View Dr. Starrett's Google Scholar Profile.
Selected Recent Publications
- Journal of Virology. 90: 6379-6386, 2016. [ Journal Article ]
Merkel Cell Polyomavirus Exhibits Dominant Control of the Tumor Genome and Transcriptome in Virus-Associated Merkel Cell Carcinoma.mBio. 8: e02079-16, 2017. [ Journal Article ]
Characterization of BK Polyomaviruses from Kidney Transplant Recipients Suggests a Role for APOBEC3 in During In-Host Virus Evolution.Cell Host and Microbe. 23(5): 628-635, 2018. [ Journal Article ]
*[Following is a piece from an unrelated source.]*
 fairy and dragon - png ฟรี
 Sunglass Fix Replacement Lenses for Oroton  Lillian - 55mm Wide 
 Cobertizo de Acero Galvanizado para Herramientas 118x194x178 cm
Polyomavirus T-Antigen Induces APOBEC3B Expression using a LXCXE-Dependent and TP53-Independent Mechanism.mBio. 10: e02690-18, 2019. [ Journal Article ]
Dr. Starrett received his B.S. in Medical Microbiology and Immunology from the University of Wisconsin-Madison. He then earned a Ph.D. from the Microbiology, Immunology, and Cancer Biology program at the University of Minnesota-Twin Cities where he was a recipient of the National Science Foundation Graduate Research Fellowship. His thesis work in the lab of Dr. Reuben Harris focused on the functional overlap of APOBEC3 enzymes in cancer and antiviral immunity, especially in regard to polyomaviruses. During his graduate career he received several awards including the MICaB Outstanding Graduate Student Award and the Milne & Brandenburg Award for exceptional research by graduate students. He then did a postdoctoral fellowship in the Laboratory of Cellular Oncology, where he studied the genetics of polyomaviruses and papillomaviruses in various disease states. In 2019, Dr. Starrett was selected for the inaugural year of the NIH Independent Research Scholar Program, in which he is presently serving.